Antony & Cleopatra
Playwright: William Shakespeare Director: Simon Godwin Olivier, National Theatre, Southbank, London SE1 (nationaltheatre.org.uk). Until 19 January 2019; NT Live broadcast: 6 December Running time: 3hrs 30mins (including interval)
The National Theatre has really gone to town on this “ultrastylish” production of Antony & Cleopatra, said Ann Treneman in The Times. The costumes are lavish: “double-breasted suit glory” or full military fig for the men; “simply fabulous mode” for the women. The set is both “intricate and immense”. In Egypt, we get glimmering pools and archways, while in Italy, the war command room is a marble palace with a vast screen split into battle scenes. There are amazing set pieces, such as a “rip-roaring” drunken party on board a huge steel battleship. It’s spectacular glamorous, stuff – and “the whole endeavour shines”. But ultimately it is the couple at its heart that makes this tricky play live or die – and both Ralph Fiennes and Sophie Okonedo are “simply terrific”.
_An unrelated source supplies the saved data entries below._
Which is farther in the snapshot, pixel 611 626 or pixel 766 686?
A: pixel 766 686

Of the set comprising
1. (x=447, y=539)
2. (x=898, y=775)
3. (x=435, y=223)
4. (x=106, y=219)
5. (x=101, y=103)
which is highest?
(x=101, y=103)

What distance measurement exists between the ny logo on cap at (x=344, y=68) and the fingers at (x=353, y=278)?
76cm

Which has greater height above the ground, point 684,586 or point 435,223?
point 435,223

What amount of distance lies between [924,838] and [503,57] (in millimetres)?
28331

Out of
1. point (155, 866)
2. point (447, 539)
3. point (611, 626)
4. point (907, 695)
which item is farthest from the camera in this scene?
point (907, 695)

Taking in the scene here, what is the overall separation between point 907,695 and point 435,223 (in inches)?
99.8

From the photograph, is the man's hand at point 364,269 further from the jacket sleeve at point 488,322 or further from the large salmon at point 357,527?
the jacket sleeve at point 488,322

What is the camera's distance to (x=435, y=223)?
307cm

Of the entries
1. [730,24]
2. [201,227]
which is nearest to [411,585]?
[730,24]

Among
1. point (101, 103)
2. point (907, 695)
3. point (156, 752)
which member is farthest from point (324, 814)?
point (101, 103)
I have never heard these two characters’ needs and desires “expressed with more potency” than here in this pair’s “remarkably spontaneous verse-speaking”, said Paul Taylor in The Independent. Director Simon Godwin has pulled off a “penetrating and considered account” of a complex, twisty play. But the fact that it comes across with such “walloping emotional immediacy” is thanks to the “blazing star power” of the leads. Fiennes gives us every aspect of Antony, said Michael Billington in The Guardian: the born soldier, the dreaming sensualist, the “wry piss-taker”. But he’s at his best in charting Antony’s tragic decline, “magnificently” capturing his shame and desolation after the battle of Actium.
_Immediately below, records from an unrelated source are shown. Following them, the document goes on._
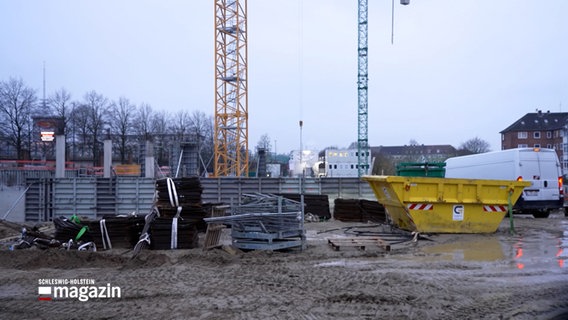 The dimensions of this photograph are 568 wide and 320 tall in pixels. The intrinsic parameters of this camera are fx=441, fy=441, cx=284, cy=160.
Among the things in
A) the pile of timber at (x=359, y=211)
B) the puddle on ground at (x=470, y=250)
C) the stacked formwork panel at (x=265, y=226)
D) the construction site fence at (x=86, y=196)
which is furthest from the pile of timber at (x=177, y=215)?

Even so, a good Antony is “doomed to play second fiddle” to an equally good Cleopatra, said Harriet Fitch Little in the FT. And Okonedo is more than good – “she’s great”. She “casts emotions on and off like so many sparkling costume changes”, and manages to twist Cleopatra’s famous histrionics “into subtle shapes that make sense both when she’s being very funny, and later very sad”. Among the supporting performances, said Dominic Cavendish in The Daily Telegraph, Tim Mcmullan and Katy Stephens are excellent as Enobarbus and Agrippa. It’s a long evening, admittedly, but definitely a “rewarding” one.